The Boundaries of the Universe[*]

    Now that we know that the universe is real, we can ask what the universe implies.

There Is At Least One First Cause

    In nature, every effect has a cause that preceded it. A tree falls because it was chopped down. You are hungry because your body needs energy. The crops die because of the drought. With very little work, we see a problem. A tree falls down because it was chopped down. It was chopped down because a man was cold. A man was cold because it was winter. It was winter because of the position of the sun and the earth. The sun and the earth were where they were because they have been moving like a clock since they came into existence. They came into existence because of the laws of physics and the initial conditions of the universe. Hmm. What is the cause of the laws of physics and the initial conditions of the universe? Every causal chain eventually gets back to the question of what caused the universe. There may be more than one first cause (also referred to as an uncaused cause), but there must be at least one.

Objection 1:

    The universe has existed for eternity. It has no first cause because it never began.


    Current science has determined that this is not the case. First, there is very good evidence that the universe is around 13.7 billion years old and has evolved since its creation according to Big Bang Theory. Second, there is a law of physics called the second law of thermodynamics, or the law of entropy. What it says is that the amount of disorder in the universe is always increasing and can never decrease. If the universe is infinitely old and disorder always increases, then the present universe would have zero order and be unable to support life. If the law of entropy breaks, many other laws, such as conservation of energy and the direction of time also break. Therefore, the entropy "clock" must have started at some point in the distant past, when the laws of physics were created. This is the beginning of the universe.

Objection 2:

    There is an endless cycle of universe creation. Our universe was caused by another universe.


    This is possible. However, it does not avoid the problem. How did the first universe begin? Alternatively, perhaps there is an eternal series of universes. Then this eternal series of universes is the uncaused cause that caused our universe. There is no way of getting around the problem.

There Is At Least One Change Inducer

    Everything in the universe is in motion. In order for anything to change, something else must change as well. For a car to move, a person must fuel it and drive it. For a tree to grow there must be energy from the sun and rain falling from the clouds on a regular basis. For a star to be born, gravity must actively pull large quantities of space dust together. Again, if we push this train of thought, we quickly get to the boundaries of our understanding. Every change requires another change. A tree grows because sunlight falls on it. Sunlight falls on it because of the continuous nuclear reactions in the sun. There are nuclear reactions in the sun because atoms are being slammed together under the laws of physics. What gives the laws of physics the power to change nature? Every change depends upon another. Every change eventually depends upon a change inducer, or something that can change without being changed. There could be more than one change inducer, but there must be at least one.

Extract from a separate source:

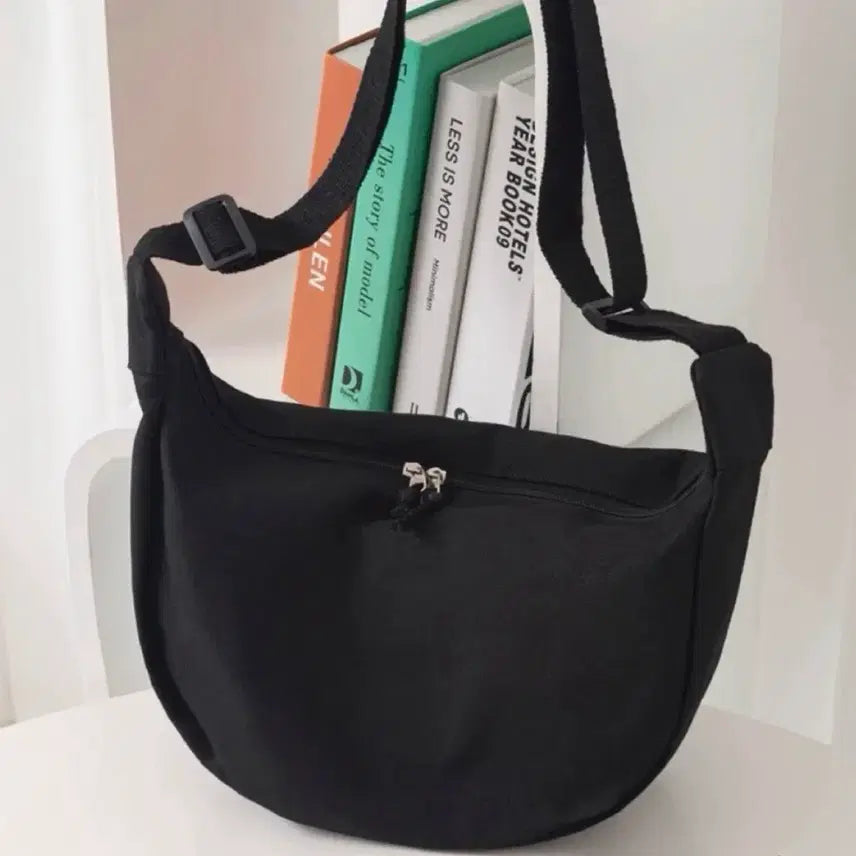 [BUNJANG] Black Crossbody Bag / 블랙 크로스백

There Is At Least One Existence Source

    Everything in the universe depends on something else for its state of being. A person requires air to breathe. A plant requires sunlight to photosynthesize. A bed requires a floor to remain level and stationary. Nothing in our experience can depend upon itself for all that it needs to remain in its current state. Again, we run into a problem when we push this line of reasoning. You require air to breathe. The air requires gravity to be held near a planet. Gravity requires the reliability of the laws of physics. What do the laws of physics require? Soon, if we follow this type of chain, we must get to something that can sustain itself as well as sustaining something else. This is a source of existence. There may be more than one, but there is at least one.

Now that we better understand the boundaries of the universe, we come to realize that at least some type of God must exist.


[*] The arguments in this section borrow heavily from the five ways of St. Thomas Aquinas (Summa Theologica, I.2.3), who in turn borrowed from Aristotle (Physics VIII, 4-6 and Metaphysics XII, 1-6).